Table 3: Cost-benefit with the proposed Cost function on system 1 and 2

Cost-Benefit of proposed cost function on System 1
Peak Classification Before Load Shifting After Load Shifting
On Peak 42.1881 42.1878
Mid Peak 80.1476 73.4118
Off Peak 41.8734 33.3004
Cost-Benefit of proposed cost function on System 2
On Peak 30.2975 31.6216
Mid Peak 4.3035 2.9792
Off Peak 20.3136 17.6656

7. Conclusion

For a successful DSM, pricing model and billing mechanism are crucial. The proposed pricing model based on the deviation of hourly load demand from the fixed base load has been observed to be a better alternative over the other realistic polynomial cost function.

Renewable generation is unforeseeable and, in most cases, influenced by external factors. The generation from the renewable sources can be higher than the system requirements during some periods in a day and by performing load shifting, generation from renewables can be effectively utilised. By adopting the proposed algorithm, the energy requirement of the system from the utility decreases.
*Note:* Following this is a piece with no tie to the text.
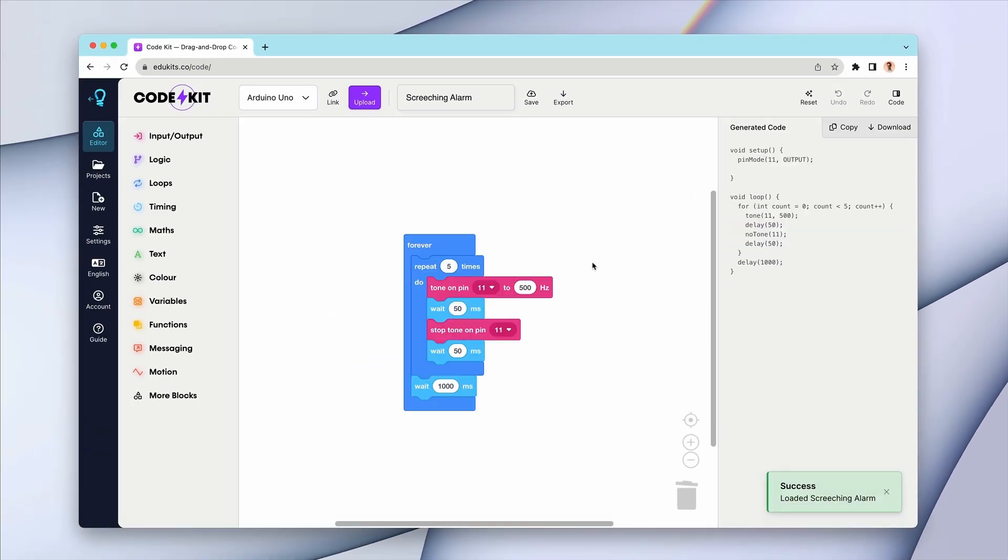If you click on the project, we will auto load the blocks for this project and you can see that the code for these blocks has automatically been generated in the right hand side panel.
The total cost is reduced after load shifting is performed by the proposed cost function. This is due to the fact that by load shifting, the deviation of the hourly load demand from the fixed base load is reduced at certain time slots and increases in some to have a balanced shifting, but generated energy is effectively utilised. Therefore, the aim to reduce consumers’ utility bills are met and peak to average ratio improves by incorporating the proposed DSM.

Conflict of Interest

The authors declare no conflict of interest.

Acknowledgment

The authors would like to thank SASTRA Deemed University for sharing their consumption data and energy generation from their installed solar power plant.